Below are the records; give again exactly the line with "Kawasaki Z Cup", the line with "2021 Chevrolet Camaro 6th Gen - Image 3 of 6", and each line that lies between them, and nothing besides.

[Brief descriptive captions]

☆ ☆ ☆ ☆ ☆

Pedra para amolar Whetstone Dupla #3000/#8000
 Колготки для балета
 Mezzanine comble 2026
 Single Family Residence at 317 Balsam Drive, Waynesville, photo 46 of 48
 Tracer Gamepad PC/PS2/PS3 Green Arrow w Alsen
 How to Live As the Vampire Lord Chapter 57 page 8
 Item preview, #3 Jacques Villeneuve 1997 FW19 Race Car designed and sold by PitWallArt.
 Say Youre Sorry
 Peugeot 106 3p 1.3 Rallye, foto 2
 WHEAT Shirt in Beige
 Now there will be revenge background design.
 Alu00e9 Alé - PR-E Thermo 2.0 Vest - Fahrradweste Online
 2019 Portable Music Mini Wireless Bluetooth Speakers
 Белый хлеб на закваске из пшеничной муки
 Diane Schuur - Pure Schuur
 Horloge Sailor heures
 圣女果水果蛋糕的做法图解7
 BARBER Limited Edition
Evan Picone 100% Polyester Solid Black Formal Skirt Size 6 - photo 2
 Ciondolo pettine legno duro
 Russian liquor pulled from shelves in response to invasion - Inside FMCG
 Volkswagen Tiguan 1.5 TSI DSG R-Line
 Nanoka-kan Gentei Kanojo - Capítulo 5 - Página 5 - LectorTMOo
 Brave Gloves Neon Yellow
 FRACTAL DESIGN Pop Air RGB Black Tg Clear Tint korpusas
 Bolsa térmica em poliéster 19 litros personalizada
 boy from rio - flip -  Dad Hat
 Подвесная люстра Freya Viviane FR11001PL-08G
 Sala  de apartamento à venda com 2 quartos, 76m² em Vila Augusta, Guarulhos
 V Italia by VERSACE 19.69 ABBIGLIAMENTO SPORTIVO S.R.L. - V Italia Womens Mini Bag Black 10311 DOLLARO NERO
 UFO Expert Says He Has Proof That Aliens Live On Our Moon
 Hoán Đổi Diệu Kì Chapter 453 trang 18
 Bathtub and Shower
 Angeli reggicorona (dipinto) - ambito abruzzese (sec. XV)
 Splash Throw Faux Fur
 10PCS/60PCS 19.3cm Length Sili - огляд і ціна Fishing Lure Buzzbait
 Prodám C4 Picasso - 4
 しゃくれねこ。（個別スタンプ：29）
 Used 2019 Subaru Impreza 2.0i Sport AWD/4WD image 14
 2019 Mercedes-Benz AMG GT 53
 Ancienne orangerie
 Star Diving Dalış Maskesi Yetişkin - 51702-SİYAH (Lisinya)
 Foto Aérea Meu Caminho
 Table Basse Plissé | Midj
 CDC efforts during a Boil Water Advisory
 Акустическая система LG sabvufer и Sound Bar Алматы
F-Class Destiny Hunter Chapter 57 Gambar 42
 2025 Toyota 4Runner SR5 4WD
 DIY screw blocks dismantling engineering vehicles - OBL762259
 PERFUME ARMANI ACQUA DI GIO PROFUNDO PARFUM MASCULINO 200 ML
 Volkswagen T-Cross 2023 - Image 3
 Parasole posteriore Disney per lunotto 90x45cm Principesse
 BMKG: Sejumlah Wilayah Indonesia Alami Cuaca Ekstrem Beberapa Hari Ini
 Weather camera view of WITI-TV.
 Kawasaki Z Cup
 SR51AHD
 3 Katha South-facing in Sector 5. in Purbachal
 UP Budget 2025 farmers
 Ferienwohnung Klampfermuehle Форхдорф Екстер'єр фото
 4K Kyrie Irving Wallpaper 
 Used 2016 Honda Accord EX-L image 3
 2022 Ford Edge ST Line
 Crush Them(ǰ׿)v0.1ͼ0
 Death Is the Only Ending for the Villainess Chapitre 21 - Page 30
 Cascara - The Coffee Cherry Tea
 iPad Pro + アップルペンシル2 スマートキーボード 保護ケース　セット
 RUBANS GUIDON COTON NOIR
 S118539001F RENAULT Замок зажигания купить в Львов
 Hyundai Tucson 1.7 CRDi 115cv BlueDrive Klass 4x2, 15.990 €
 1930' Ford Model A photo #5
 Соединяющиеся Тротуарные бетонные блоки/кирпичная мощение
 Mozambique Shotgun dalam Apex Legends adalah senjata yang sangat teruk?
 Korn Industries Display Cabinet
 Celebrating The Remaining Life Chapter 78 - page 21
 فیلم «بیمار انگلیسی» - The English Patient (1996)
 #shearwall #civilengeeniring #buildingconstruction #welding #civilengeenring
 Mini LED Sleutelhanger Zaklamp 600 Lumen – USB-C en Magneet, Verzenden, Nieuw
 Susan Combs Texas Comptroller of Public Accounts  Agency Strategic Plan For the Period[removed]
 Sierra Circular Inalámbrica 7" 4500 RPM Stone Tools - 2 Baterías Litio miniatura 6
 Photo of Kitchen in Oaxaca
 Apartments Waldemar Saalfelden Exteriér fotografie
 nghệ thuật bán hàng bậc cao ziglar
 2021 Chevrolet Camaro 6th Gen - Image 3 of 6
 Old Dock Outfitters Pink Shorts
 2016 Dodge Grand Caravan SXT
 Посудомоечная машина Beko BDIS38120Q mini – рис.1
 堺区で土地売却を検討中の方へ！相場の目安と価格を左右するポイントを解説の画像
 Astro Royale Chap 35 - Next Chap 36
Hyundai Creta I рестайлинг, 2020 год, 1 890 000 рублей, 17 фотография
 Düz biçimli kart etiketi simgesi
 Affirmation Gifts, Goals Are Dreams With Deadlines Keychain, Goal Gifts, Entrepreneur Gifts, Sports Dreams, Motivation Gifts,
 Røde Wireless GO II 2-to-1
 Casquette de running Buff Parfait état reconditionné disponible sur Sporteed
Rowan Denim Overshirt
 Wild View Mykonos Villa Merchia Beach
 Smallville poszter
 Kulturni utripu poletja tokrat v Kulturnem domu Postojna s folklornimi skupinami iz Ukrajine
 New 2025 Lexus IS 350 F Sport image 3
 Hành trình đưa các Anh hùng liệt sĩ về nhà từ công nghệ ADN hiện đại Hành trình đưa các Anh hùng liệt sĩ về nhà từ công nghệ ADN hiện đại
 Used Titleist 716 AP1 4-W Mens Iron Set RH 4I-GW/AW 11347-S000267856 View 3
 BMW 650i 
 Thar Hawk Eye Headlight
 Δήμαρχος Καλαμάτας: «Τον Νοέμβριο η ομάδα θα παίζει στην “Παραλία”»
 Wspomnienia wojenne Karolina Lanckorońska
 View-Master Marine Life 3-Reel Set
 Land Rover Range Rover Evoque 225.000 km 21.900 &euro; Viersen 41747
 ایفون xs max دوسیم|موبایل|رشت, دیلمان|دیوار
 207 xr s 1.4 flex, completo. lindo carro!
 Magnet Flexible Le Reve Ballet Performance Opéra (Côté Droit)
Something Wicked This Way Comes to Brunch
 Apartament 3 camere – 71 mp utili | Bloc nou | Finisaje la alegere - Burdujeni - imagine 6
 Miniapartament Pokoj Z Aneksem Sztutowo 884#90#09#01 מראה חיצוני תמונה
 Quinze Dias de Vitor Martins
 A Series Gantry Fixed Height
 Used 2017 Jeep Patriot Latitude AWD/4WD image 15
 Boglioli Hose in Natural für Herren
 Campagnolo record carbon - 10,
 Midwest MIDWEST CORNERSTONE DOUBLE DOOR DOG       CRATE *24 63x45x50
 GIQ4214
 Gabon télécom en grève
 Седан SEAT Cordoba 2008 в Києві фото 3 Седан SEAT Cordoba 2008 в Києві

☆ ☆ ☆ ☆ ☆

**RESPONSE BOX**
 Kawasaki Z Cup
 SR51AHD
 3 Katha South-facing in Sector 5. in Purbachal
 UP Budget 2025 farmers
 Ferienwohnung Klampfermuehle Форхдорф Екстер'єр фото
 4K Kyrie Irving Wallpaper 
 Used 2016 Honda Accord EX-L image 3
 2022 Ford Edge ST Line
 Crush Them(ǰ׿)v0.1ͼ0
 Death Is the Only Ending for the Villainess Chapitre 21 - Page 30
 Cascara - The Coffee Cherry Tea
 iPad Pro + アップルペンシル2 スマートキーボード 保護ケース　セット
 RUBANS GUIDON COTON NOIR
 S118539001F RENAULT Замок зажигания купить в Львов
 Hyundai Tucson 1.7 CRDi 115cv BlueDrive Klass 4x2, 15.990 €
 1930' Ford Model A photo #5
 Соединяющиеся Тротуарные бетонные блоки/кирпичная мощение
 Mozambique Shotgun dalam Apex Legends adalah senjata yang sangat teruk?
 Korn Industries Display Cabinet
 Celebrating The Remaining Life Chapter 78 - page 21
 فیلم «بیمار انگلیسی» - The English Patient (1996)
 #shearwall #civilengeeniring #buildingconstruction #welding #civilengeenring
 Mini LED Sleutelhanger Zaklamp 600 Lumen – USB-C en Magneet, Verzenden, Nieuw
 Susan Combs Texas Comptroller of Public Accounts  Agency Strategic Plan For the Period[removed]
 Sierra Circular Inalámbrica 7" 4500 RPM Stone Tools - 2 Baterías Litio miniatura 6
 Photo of Kitchen in Oaxaca
 Apartments Waldemar Saalfelden Exteriér fotografie
 nghệ thuật bán hàng bậc cao ziglar
 2021 Chevrolet Camaro 6th Gen - Image 3 of 6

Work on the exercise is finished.